While the Brand X decision hinged on technical and legal considerations (specifically, whether cable modems should be classified as regulated “telecommunications” or as unregulated “information” services, and whether the Ninth Circuit Court should have deferred to the FCC’s purported expertise on this issue), now that the decision has been rendered, the task for media reformers is clear: The battle for broadband open access may have ended, but the battle for network neutrality has just begun.
ISP choice may now be a dead issue, in other words, since the FCC is likely to extend cable’s exemption from line-sharing requirements to the telephone companies’ broadband networks as well. But content and application choice remains very much alive. No longer a novelty or a luxury, the Internet is simply too important – to our economy, our culture, our democracy – to be left to the whims of the marketplace – particularly when that marketplace is dominated locally by two corporate behemoths.

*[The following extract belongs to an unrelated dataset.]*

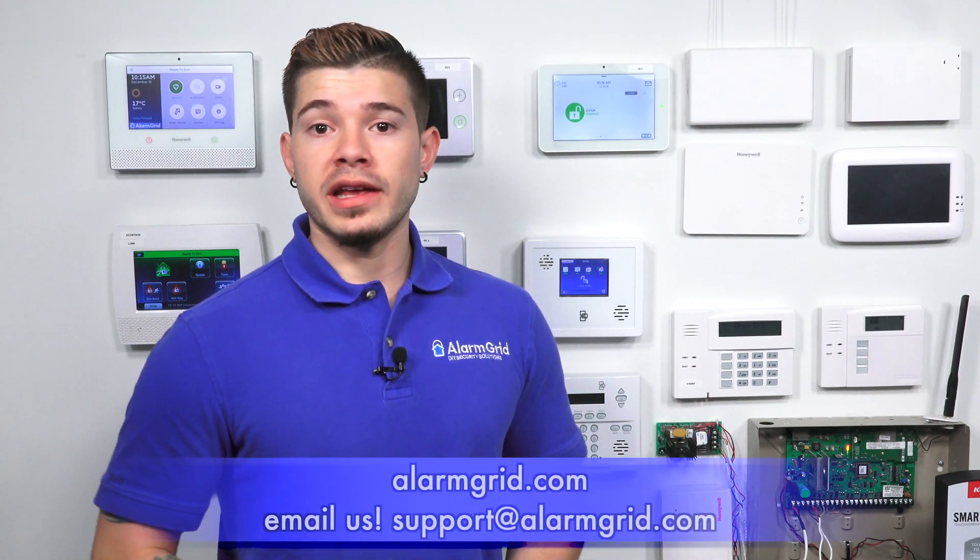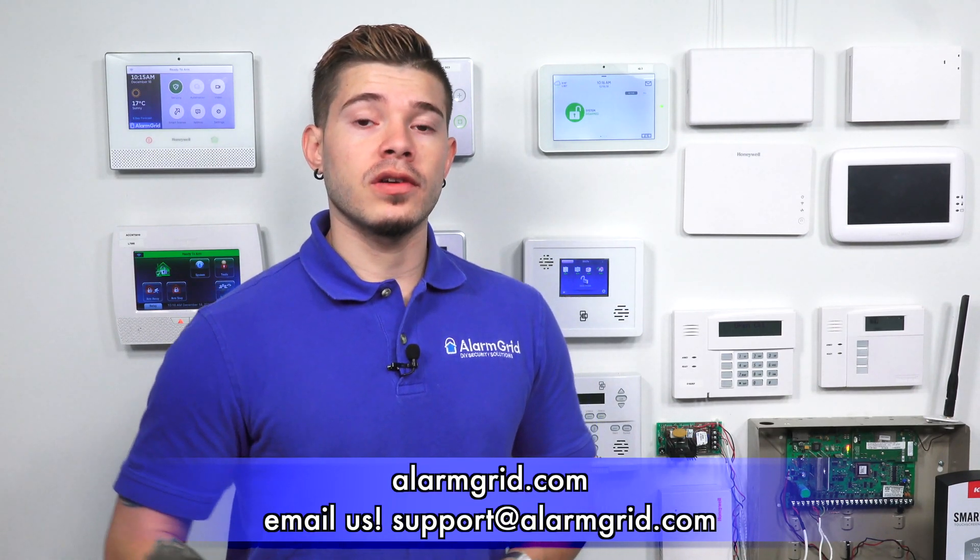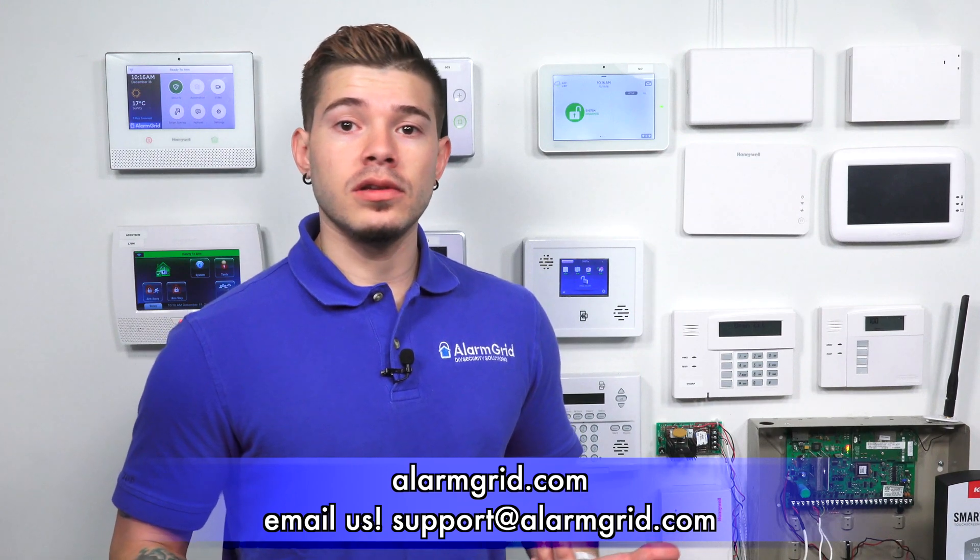Just to touch base: the IQ2 is only ZigBee compatible with the image sensors. If you have any questions on how to get those installed, where to purchase them, or how to activate them, feel free to email us at support@alarmgrid.com. If you found this video helpful, make sure you hit like, subscribe to the YouTube channel, and enable notifications so you get notified whenever we upload new content. I'm George — I'll see you guys next time.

Either by legislative fiat or by regulatory policy, we now need a guarantee of nondiscriminatory transport of all information in the high-speed Internet. Whatever else the cable and telephone companies elect to do with their broadband networks (and both seem bent on the so-called triple play of video, voice, and data), one thing they should not be permitted to do is tamper in any unnecessary way with the data we choose to send and receive or the applications and services we desire to employ.
Thus even as the old battle for “open access” has ended, the new battle for net neutrality and for freedom of choice online must now begin.